- ASSIGNED TASK: All the lines below should appear again unchanged, though their pictures should not.

::::

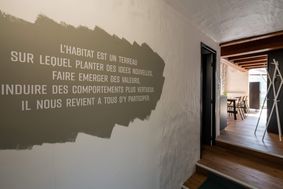 Photo n°6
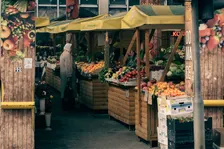 Trödelmarkt Dortmund Universität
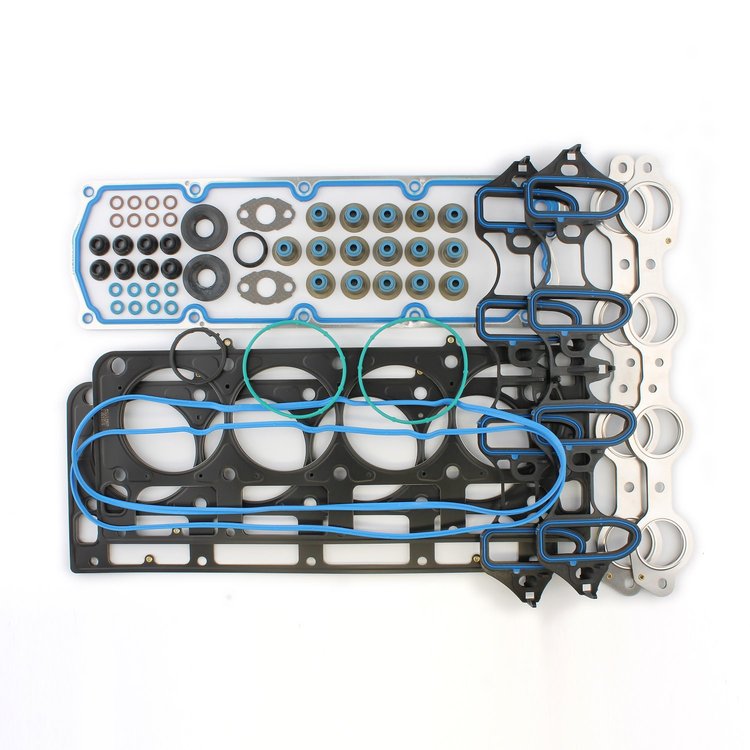 PRO1037T GM Gen-3 LQ9 Vortec Small Block V8 Top End Gasket Kit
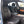 Load image into Gallery viewer, 2009 Jaguar XF - Luxury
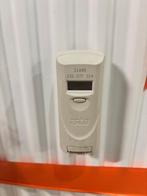 24x Radiator Type 22 – 700x700 mm paneelradiator, Doe-het-zelf en Verbouw, Verwarming en Radiatoren, Ophalen, 30 tot 80 cm, Gebruikt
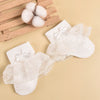 Milky white / s (1-3 years old, 12-15cm)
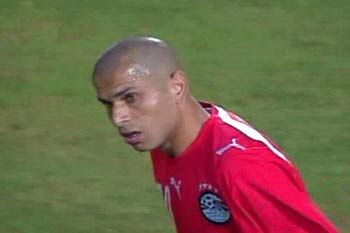 koo_wael gom3a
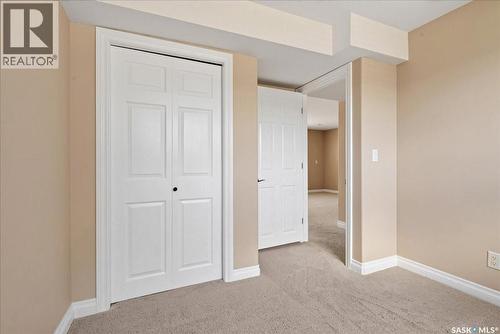4029 Alton Crescent, Regina, SK - Indoor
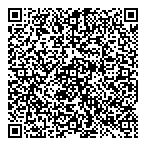 QR код "Байрам"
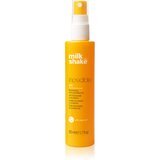 Milk Shake Incredible Oil regenerirajuće i zaštitno ulje za oštećenu kosu i ispucale vrhove s arganovim uljem 50 ml | shoptok.hr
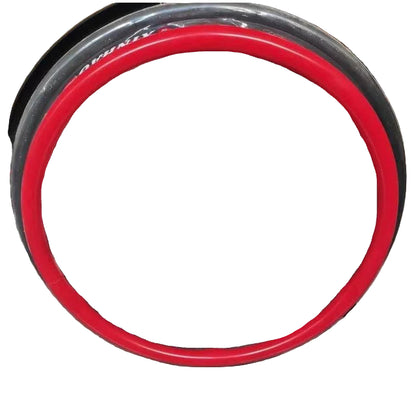 Wheelchair Rim Covers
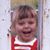 Ulrika Wallén's profile image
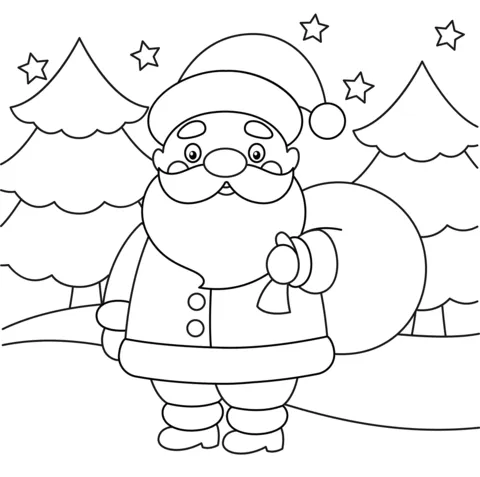 santa claus (13)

::::

- OUTPUT BELOW:
 Photo n°6
 Trödelmarkt Dortmund Universität
 PRO1037T GM Gen-3 LQ9 Vortec Small Block V8 Top End Gasket Kit
 Load image into Gallery viewer, 2009 Jaguar XF - Luxury
 24x Radiator Type 22 – 700x700 mm paneelradiator, Doe-het-zelf en Verbouw, Verwarming en Radiatoren, Ophalen, 30 tot 80 cm, Gebruikt
 Milky white / s (1-3 years old, 12-15cm)
 koo_wael gom3a
4029 Alton Crescent, Regina, SK - Indoor
 QR код "Байрам"
 Milk Shake Incredible Oil regenerirajuće i zaštitno ulje za oštećenu kosu i ispucale vrhove s arganovim uljem 50 ml | shoptok.hr
 Wheelchair Rim Covers
 Ulrika Wallén's profile image
 santa claus (13)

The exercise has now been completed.